HOW TO COMPLETE THIS TASK:
Lines before the one containing "NC Transportation Museum Spencer NC" are to be skipped; reproduce that line and the rest of the records below exactly.

Saved entries:
Start of Block
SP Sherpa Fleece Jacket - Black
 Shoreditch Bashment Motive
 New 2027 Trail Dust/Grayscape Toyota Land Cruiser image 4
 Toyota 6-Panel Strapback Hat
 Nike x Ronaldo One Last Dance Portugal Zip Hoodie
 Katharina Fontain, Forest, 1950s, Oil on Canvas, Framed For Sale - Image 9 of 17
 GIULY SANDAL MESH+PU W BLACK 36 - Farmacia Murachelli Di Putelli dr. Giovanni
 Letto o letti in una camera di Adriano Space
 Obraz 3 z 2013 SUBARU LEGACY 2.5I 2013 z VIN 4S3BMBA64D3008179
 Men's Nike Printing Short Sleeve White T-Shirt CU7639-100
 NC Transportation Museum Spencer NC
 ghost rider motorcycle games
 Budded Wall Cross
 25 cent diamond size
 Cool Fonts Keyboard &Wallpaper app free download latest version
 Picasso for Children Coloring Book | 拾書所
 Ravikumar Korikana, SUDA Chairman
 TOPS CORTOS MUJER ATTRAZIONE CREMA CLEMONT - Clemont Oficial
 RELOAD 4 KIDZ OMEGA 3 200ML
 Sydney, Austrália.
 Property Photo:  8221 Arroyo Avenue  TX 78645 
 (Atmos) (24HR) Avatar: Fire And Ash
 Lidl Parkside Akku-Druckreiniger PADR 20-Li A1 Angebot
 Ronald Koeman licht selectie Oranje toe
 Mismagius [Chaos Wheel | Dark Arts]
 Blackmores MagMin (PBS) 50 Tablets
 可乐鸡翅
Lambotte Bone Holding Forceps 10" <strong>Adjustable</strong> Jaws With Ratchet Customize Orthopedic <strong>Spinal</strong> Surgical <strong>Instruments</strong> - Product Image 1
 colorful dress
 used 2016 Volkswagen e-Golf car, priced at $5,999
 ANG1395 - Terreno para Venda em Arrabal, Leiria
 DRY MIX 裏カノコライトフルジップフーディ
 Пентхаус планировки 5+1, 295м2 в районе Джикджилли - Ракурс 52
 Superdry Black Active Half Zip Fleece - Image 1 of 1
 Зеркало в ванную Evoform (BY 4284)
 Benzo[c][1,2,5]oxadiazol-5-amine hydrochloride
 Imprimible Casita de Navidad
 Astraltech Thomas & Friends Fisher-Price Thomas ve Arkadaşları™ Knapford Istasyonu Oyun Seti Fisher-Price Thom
End of Block
RESULT OF THE EXERCISE:
 NC Transportation Museum Spencer NC
 ghost rider motorcycle games
 Budded Wall Cross
 25 cent diamond size
 Cool Fonts Keyboard &Wallpaper app free download latest version
 Picasso for Children Coloring Book | 拾書所
 Ravikumar Korikana, SUDA Chairman
 TOPS CORTOS MUJER ATTRAZIONE CREMA CLEMONT - Clemont Oficial
 RELOAD 4 KIDZ OMEGA 3 200ML
 Sydney, Austrália.
 Property Photo:  8221 Arroyo Avenue  TX 78645 
 (Atmos) (24HR) Avatar: Fire And Ash
 Lidl Parkside Akku-Druckreiniger PADR 20-Li A1 Angebot
 Ronald Koeman licht selectie Oranje toe
 Mismagius [Chaos Wheel | Dark Arts]
 Blackmores MagMin (PBS) 50 Tablets
 可乐鸡翅
Lambotte Bone Holding Forceps 10" <strong>Adjustable</strong> Jaws With Ratchet Customize Orthopedic <strong>Spinal</strong> Surgical <strong>Instruments</strong> - Product Image 1
 colorful dress
 used 2016 Volkswagen e-Golf car, priced at $5,999
 ANG1395 - Terreno para Venda em Arrabal, Leiria
 DRY MIX 裏カノコライトフルジップフーディ
 Пентхаус планировки 5+1, 295м2 в районе Джикджилли - Ракурс 52
 Superdry Black Active Half Zip Fleece - Image 1 of 1
 Зеркало в ванную Evoform (BY 4284)
 Benzo[c][1,2,5]oxadiazol-5-amine hydrochloride
 Imprimible Casita de Navidad
 Astraltech Thomas & Friends Fisher-Price Thomas ve Arkadaşları™ Knapford Istasyonu Oyun Seti Fisher-Price Thom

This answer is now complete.